When Matt Carnaghi decided to begin selling the all-natural anti-chaffing product he had developed, he knew he needed some help with developing a brand. The avid distance runner and weightlifter turned entrepreneur, Carnaghi knew about marketing and promotion – he works in business development for Carterville-based Harness Digital Marketing. He also knew he needed help in building a brand.
“Everything is about the market and the brand,” he said. “I didn’t want to look like a home-based business. From the beginning, my goal was to be in a commercial space, so when it comes to my bottling, my logo, my packaging and my website, everything has to look like it was done professionally.”
Carnaghi turned to James Moseman of James Arthur Design Co. in Marion. The two began the journey to a brand through an extended time of questions and answers.
“We spent hours and several meetings talking about concepts, the product, the target audience and ideas,” Carnaghi said.
Moseman says Carnaghi understands the concept of branding.
“Matt has a really unique product and he understands that it has to be positioned in the market so people take notice,” he said. “We worked with him on everything from the name of the product to packaging and promotional aspects.”
Together, they explored the history of not just the product, but even of the ingredients in what has become known as Koko Balm.
“The brand came from the fact that the primary ingredient is cocoa butter,” Carnaghi said. “Since the original thought was that the product would be for athletes, we went with the K – a more aggressive letter.
“Some of our original designs were very Central American, but we didn’t want it to look like coffee or chocolate. Again, since our audience was athletes, we wanted something vibrant,” Carnaghi said.

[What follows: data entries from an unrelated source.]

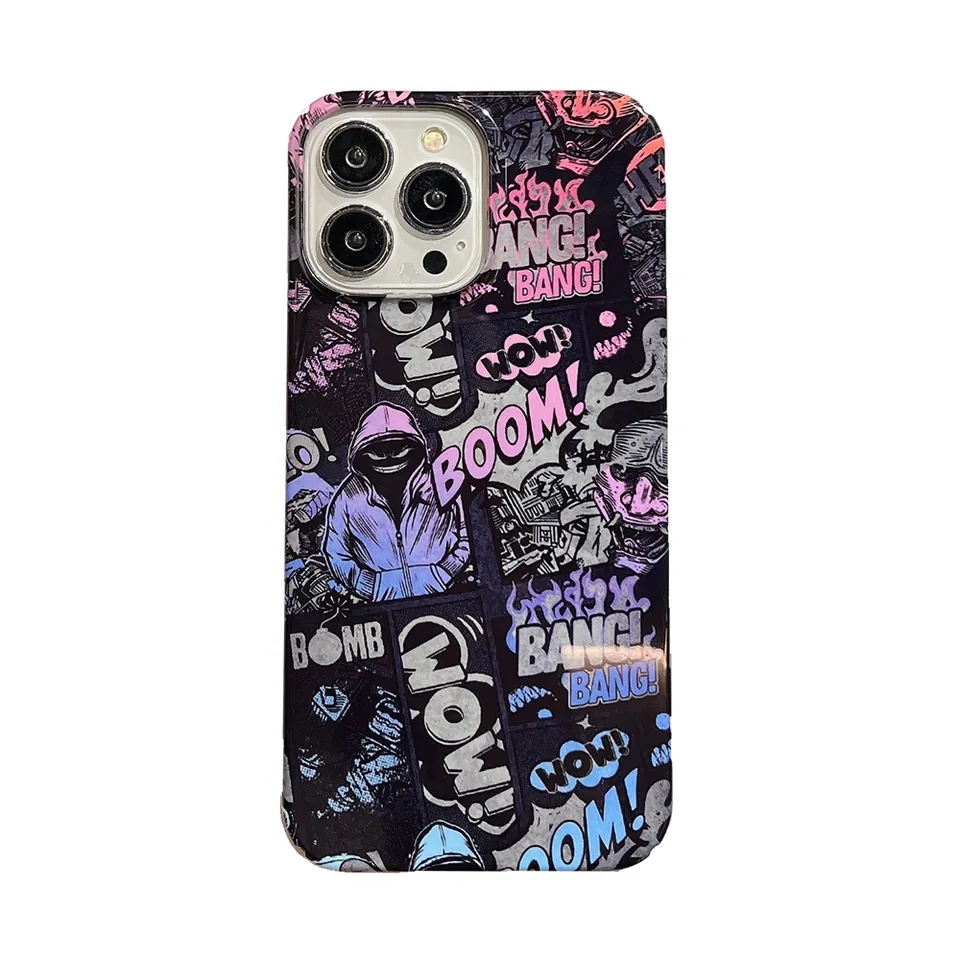 Picture of iPhone-13 Pro,13 Pro Max and 14 Pro Max Only Phone Case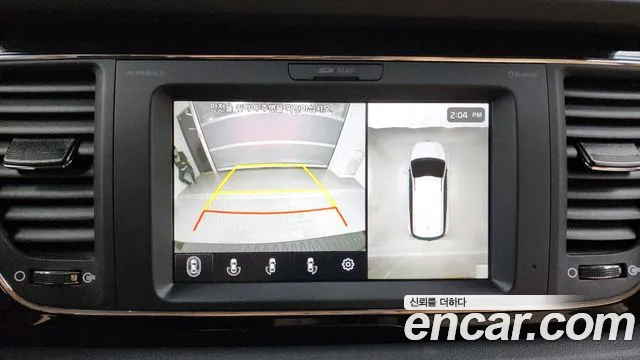 Kia The New Carnival id 2695431 из Кореи 16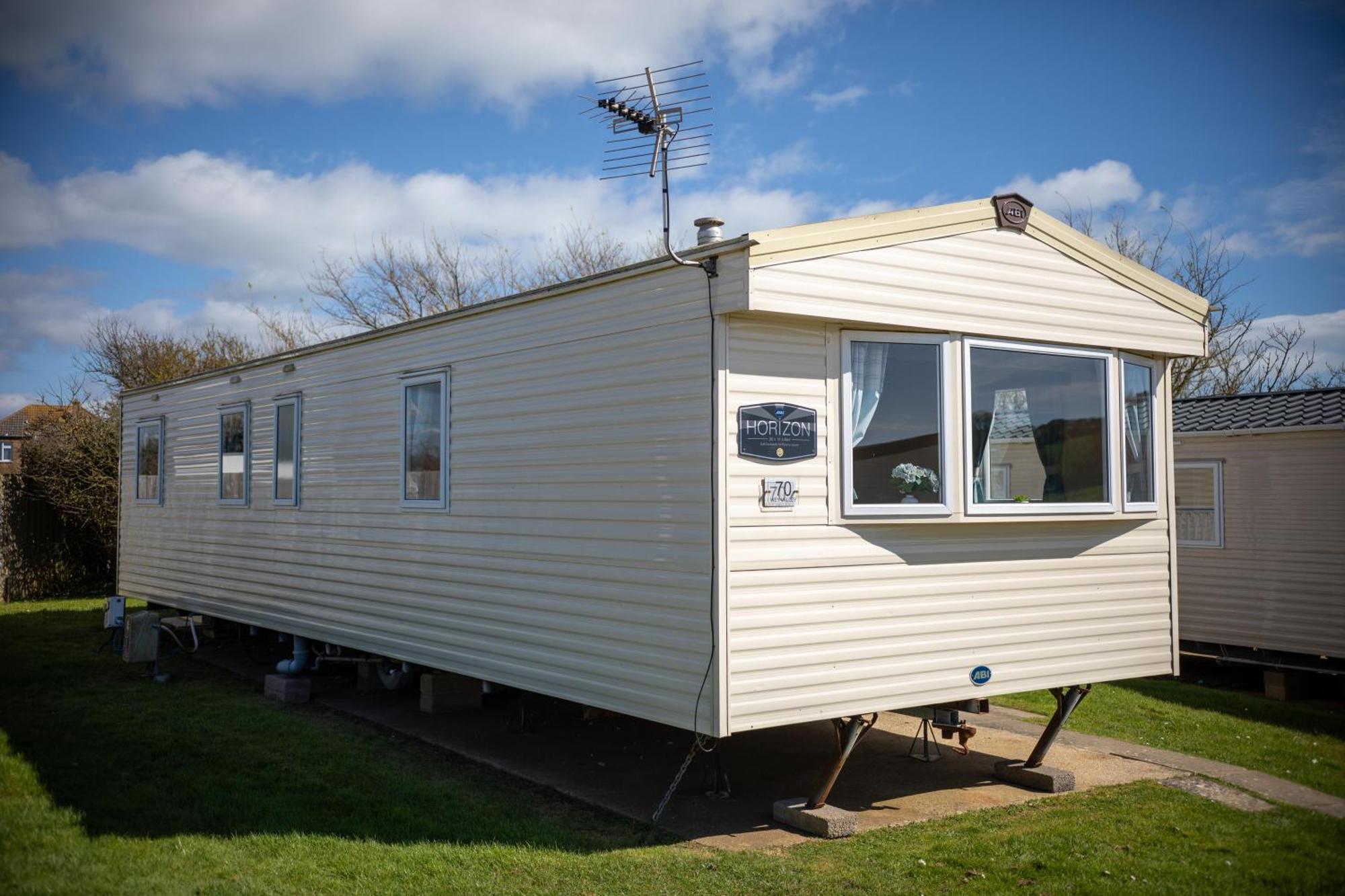 וויימות' Littlesea Caravan מראה חיצוני תמונה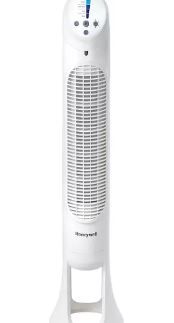 Photo 1 of Honeywell QuietSet 5-Speed Tower Fan Oscillating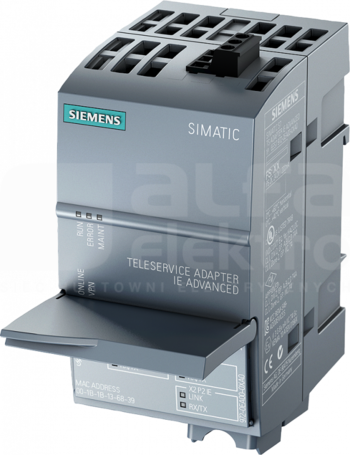 SIMATIC S7 TS ADAPTER IE Modem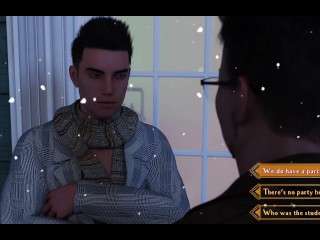 Being A DIK 11 - Part 446 Crazy Naked Lingerie Sex Party By LoveSkySan69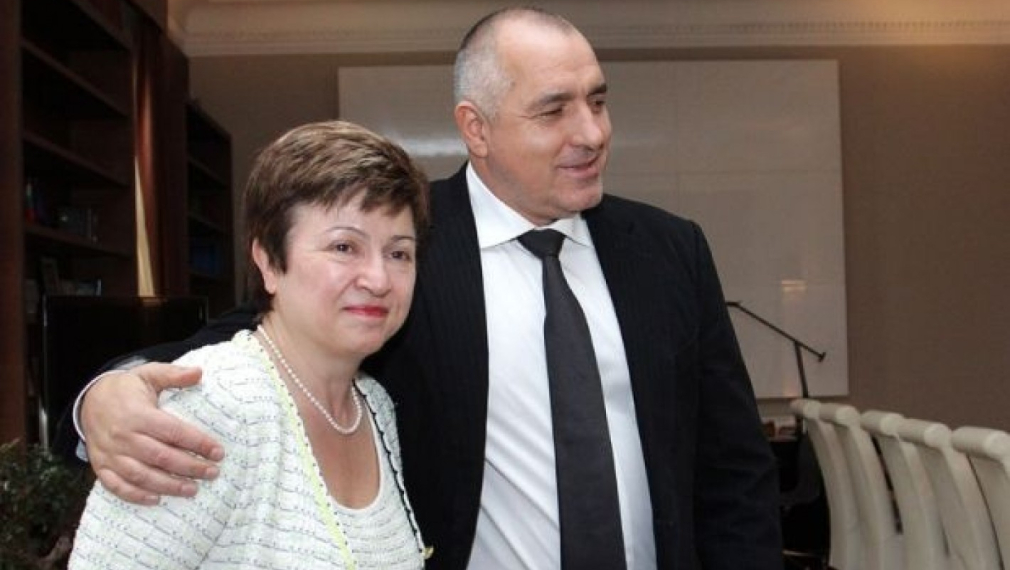 Все още не е ясно кой ще води евролистата на ГЕРБ, но няма да е Кристалина Георгиева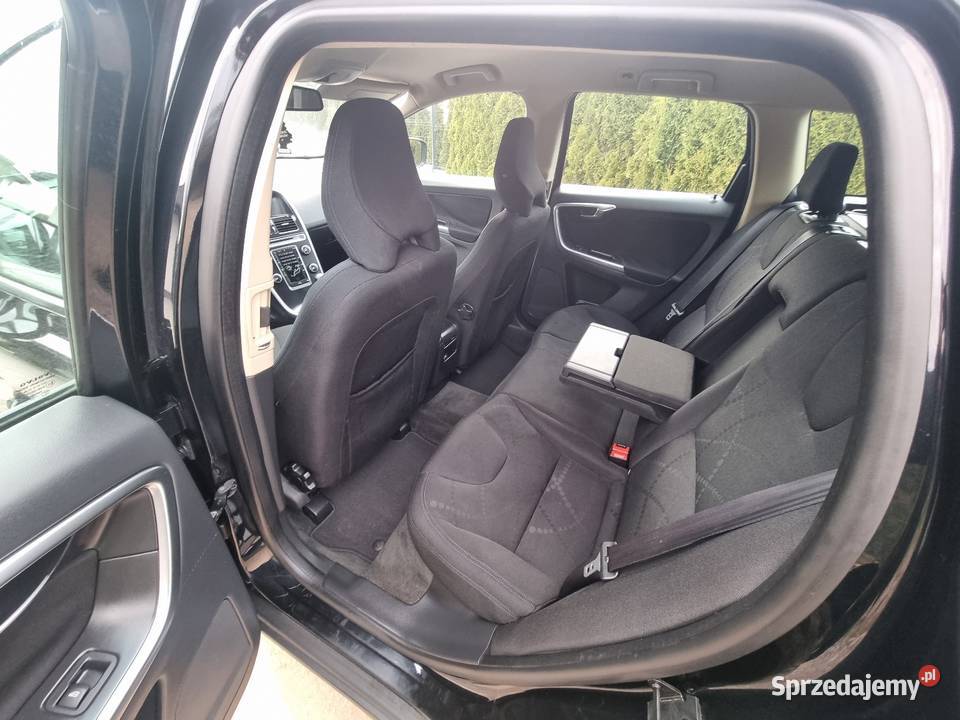 Volvo xc60 serwisie lakier metallic Zamość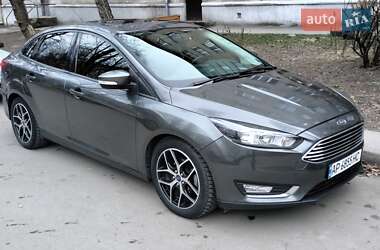 Седан Ford Focus 2017 в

“Finding the right name was super important,” Moseman adds. “When you are dealing with a product like his which is rooted in cocoa, we wanted to incorporate that culture – going back to Mayan or Aztec civilization. It’s all something we considered.”
Carnaghi admits that branding has been more of a challenge that he anticipated.
“It’s been much more involved than I expected, but without it, I would not have a product ready for the commercial market. Everything is about the market and the brand. Even before I had a complete business plan, I began work on the brand. It is that essential and as a new business that brand is all I have.”
Moseman says branding for a company or product is all-encompassing.
“It’s something you touch and feel, but a lot of people don’t realize what it is,” he said. “It isn’t just one thing. While the most visible aspect is a logo, it is all of the other things that make up a business. It’s the experience; it’s the feeling you get when you walk into the business. It’s not just the commercial, but a brand is a way of life or a feeling. It’s more than print materials, a website or logo. It’s everything down to cups, shirts and layout. It’s all of those things working together.”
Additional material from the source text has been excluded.